The more versitile you make a board the more you risk crashes and extra processing power is needed. The Hog III you can move anything around where you want it, same with the hog II, just not quite a flexable as the hog III.
 
There is actually a way to "crash proof" a board, although nobody bothers to use it. It is called the "odd man out" architecture. Often used in mission critical applications (which I think would include a rock concert with 30,000 in attendance, but that's just me), basically you run three parallel processors running the same software, and all of your output interfaces look for either the three to agree, or the best of three if one goes down. It's just a matter of using exclusive "and" gates on the output. Hey, since this is a "dream board", lets give it that feature!

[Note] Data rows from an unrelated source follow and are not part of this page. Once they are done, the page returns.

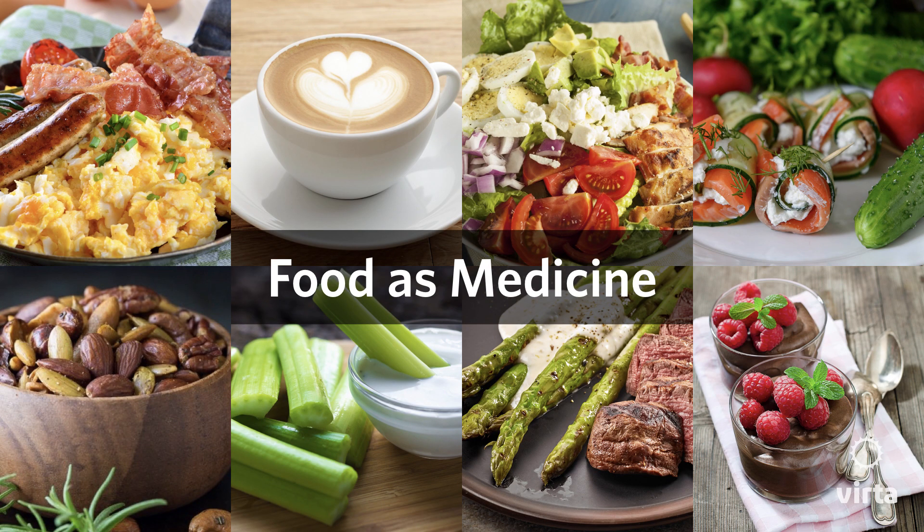Use food as medicine. We used to know this; we used to practice this. Then we got a bit off track because pharmaceuticals were available and seemed to be the much easier choice. But if you could just change what you were eating and get off the medications, what you'd be doing is going back to what we used to know — using food as medicine.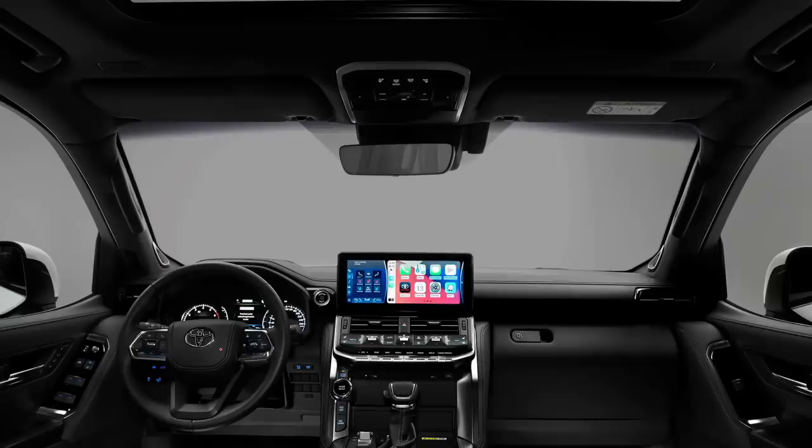Now this is the Land Cruiser 300 interior, and the reason I'm showing you this is that the 12.3 inch screen in the flagship Land Cruiser will be identical or very similar to the one that will be in the Tundra TRD Pro, platinum, and limited models — which will all have 12.3 inches. I want to show you this one because it's different from what we've seen in the spy photo, which was 8 or 9 inches. The ventilation and the HVAC and audio controls in the Land Cruiser are different somewhat, but the functionality will be very similar to what will be in the Tundra.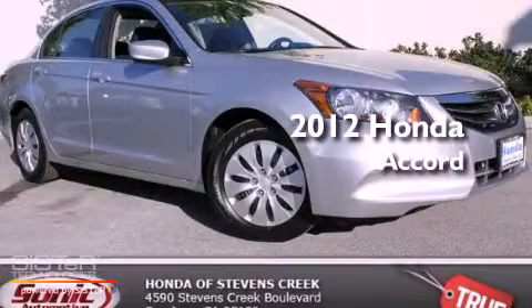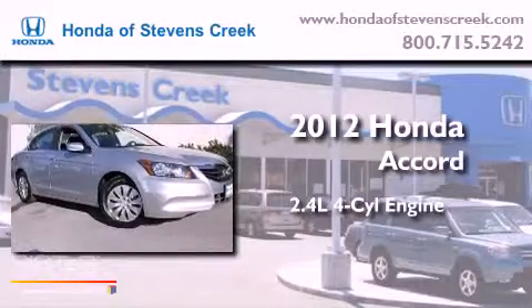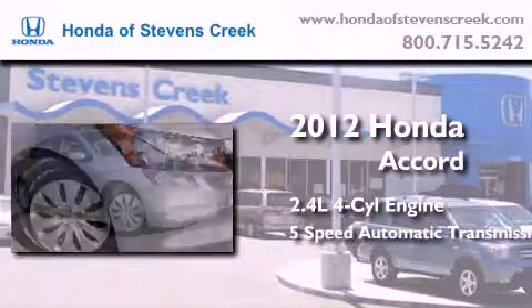This is a brand new 2012 Honda Accord. It has a 2.4-liter 4-cylinder engine and a 5-speed automatic transmission.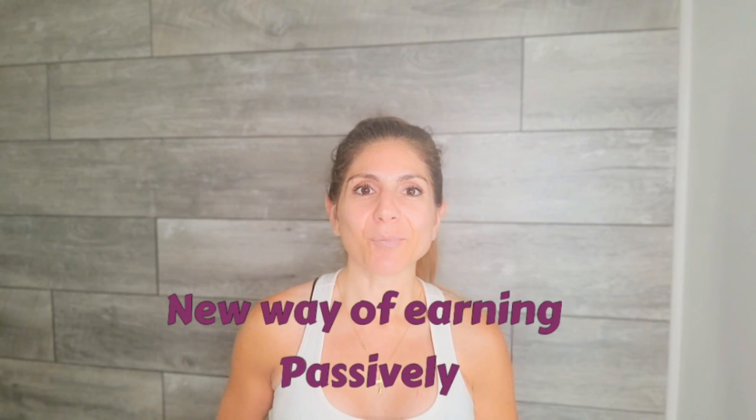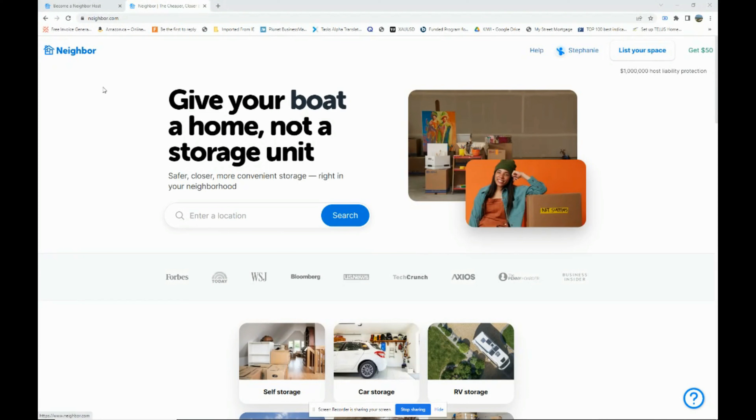In today's video I'm bringing you a new way of making money online, and this way is going to be completely passive. It can make you quite a bit of money depending on what you want to do with it and how you want to offer your service. I'll show you exactly what to do and how to do it, and it's something you can do anywhere.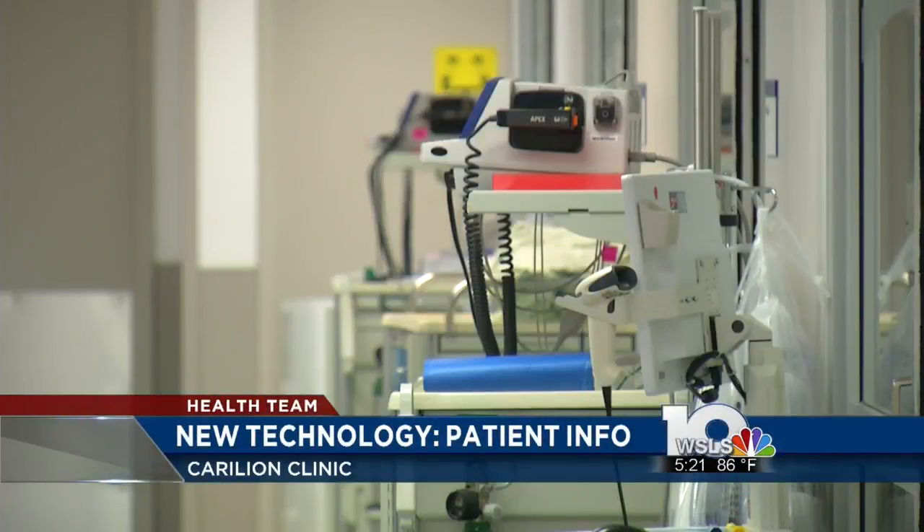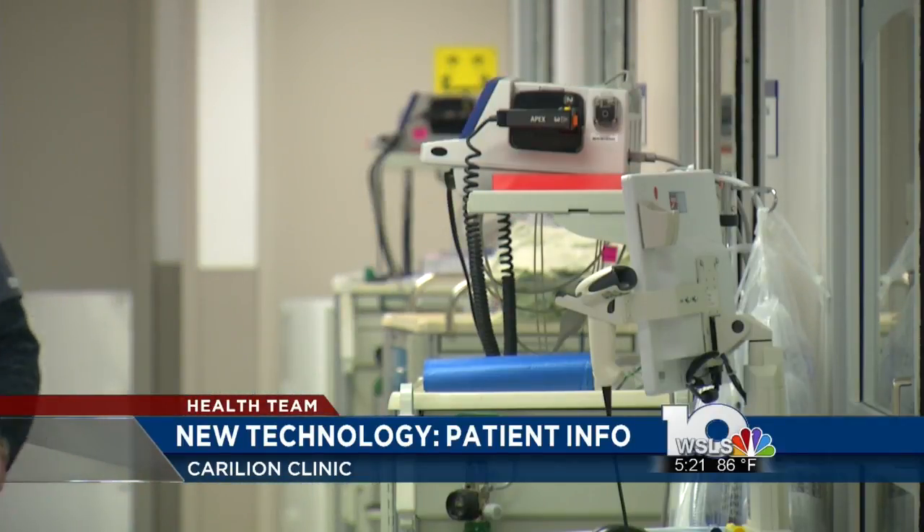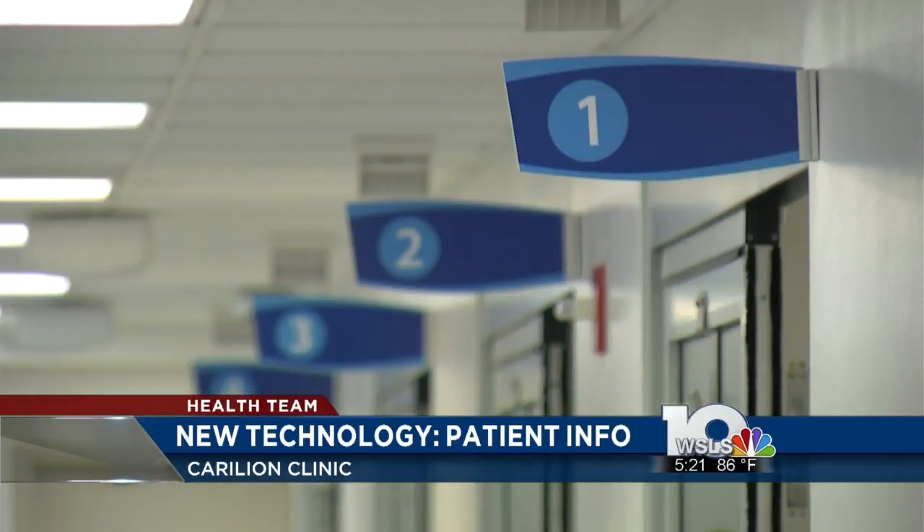The score then helps physicians determine if a patient's condition is improving or deteriorating over time. Doctors hope this will be a useful tool in early prevention.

As far as being content with what products are already out there, just remember, 10 years from now current boards are going to look as out of date as boards that are 10 years old now! It is always interesting to explore what may be ahead, and sometime these thoughts actually help shape the future!
 
Well, layout of the board notwithstanding, it needs a large touchscreen that can be used as a tablet (so it'd have to be horizontal/flat, or maybe on a bit of an incline). You can set up a camera (while we're dreaming, it can be at any angle, any orientation), live video feed to the console. You can then program in the stage dimensions based off that camera feed to your console (in x, y, z dimensions of course). Now, if you want to follow a talent/actor around the stage, its as easy as using a stylus (or finger!) to follow the image on your touchscreen. Can do it with any moving light!

Would make programming easier too.
 
So we start with a touch screen like Alex showed us. Then we make it a hologram like in Minority Report (hated the film loved the computer). This hologram is suspended in the air in front of us and the scale is adjusted so that we are looking at the stage in real size. Then we use the screen to mix colours which immediately happens on stage.

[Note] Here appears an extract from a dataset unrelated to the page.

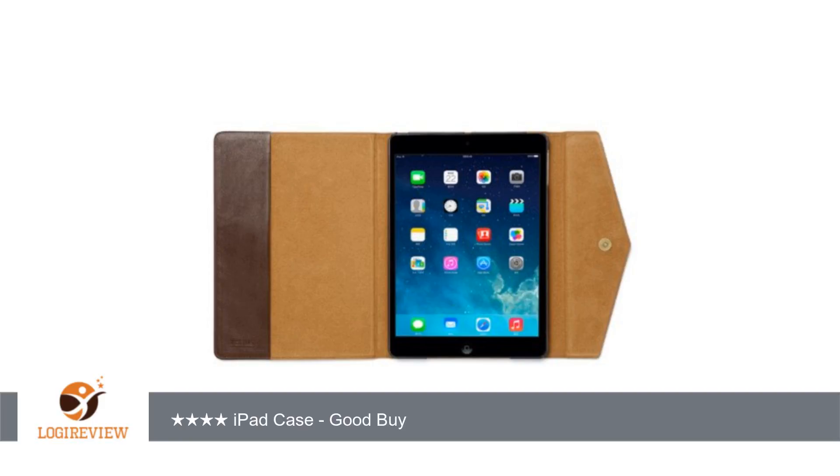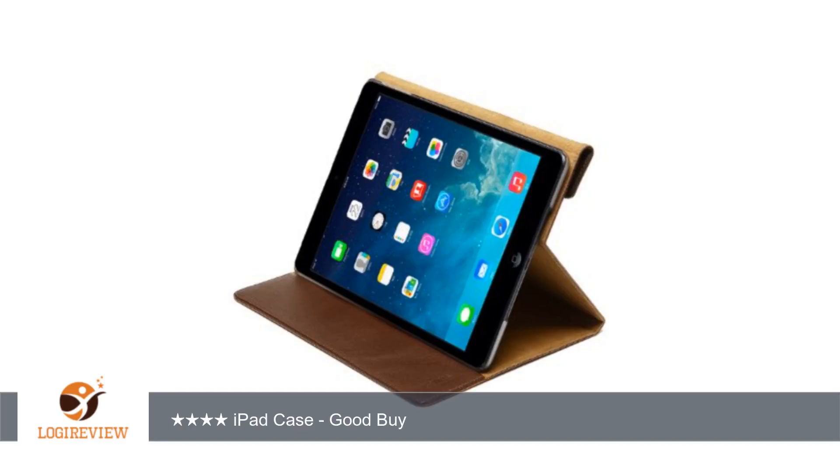iPad case, goodbye...thank you for watching. Please give the thumbs up.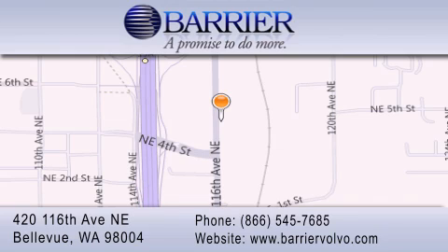For additional information, please visit our website, give us a call, or stop by our dealership. We are conveniently located in downtown Bellevue, just off I-405 at 420 116th Avenue NE. We look forward to serving you.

Is Fred Bentham still alive he would love this idea. Not to mention Craig and Appia.
 
You can set up a camera (while we're dreaming, it can be at any angle, any orientation), live video feed to the console.

Interesting thing about the idea of a video feed. When you are a couple of hundred feet from the stage, catching visual cues on a fast moving rock show can be a problem. TO make matters worse, there is a sound delay. This used to drive me nuts! Video feed would be a good idea.

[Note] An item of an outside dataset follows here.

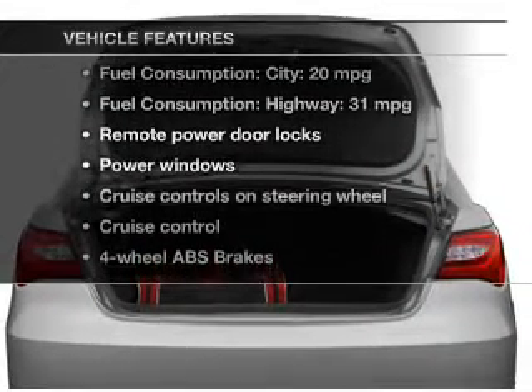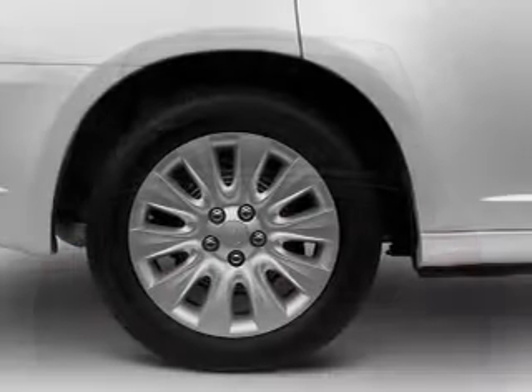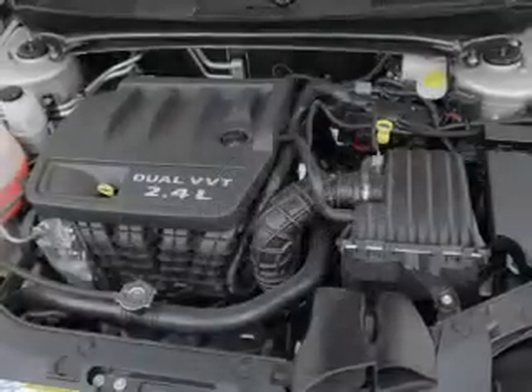Enjoy these notable features that are included in this vehicle: keyless entry, power door locks, power windows, cruise control, an AM-FM stereo with a CD player, satellite radio, and power mirrors.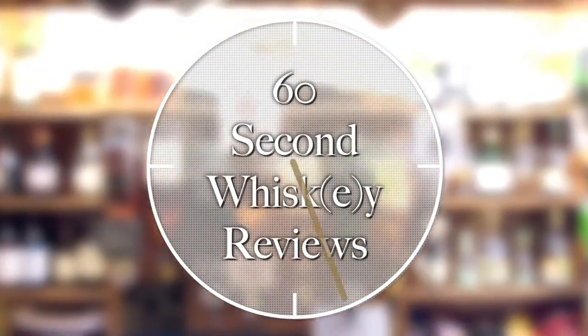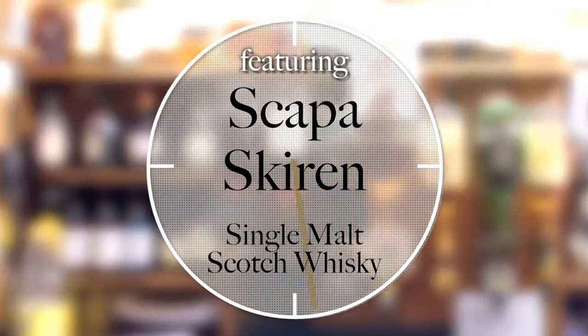Give me 60 seconds and I'll tell you about Scapa Skiren, Single Malt Scotch Whiskey. Hello fellow whiskey lovers, welcome to another 60 Second Whiskey Review, number 48. I'm Ari, the Whiskey Guy.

As for holograms, not much available "off the shelf" at the current time, so that might have to wait ;)
 
ugh that sounds like more work to opreate, its hard enough just to press go
 
You could actually use four flat touchscreen all-in-one's like this http://www.annso.com/htm/Panel_Computing/ippc-1575.htm so the board would have four quadrants. two would be level and the rear two would be on an adjustable angled back. The board would work like a mini-network, containing the 4 integrated display/input systems, a sub-system that operated as a file server, and a core processor running a lower level language that actually would take care of interpreting your input into something the DMX world would understand (along with calculating and profile support.) This way, if one of the windows subsystems went down, you could simply page the missing area up on one of the other monitor faces. (Each would have all four quadrants on it's taskbar)

You could probably do away with the subsystem hard drives and equip each with a boot-rom that would bring the OS up from the integrated file server.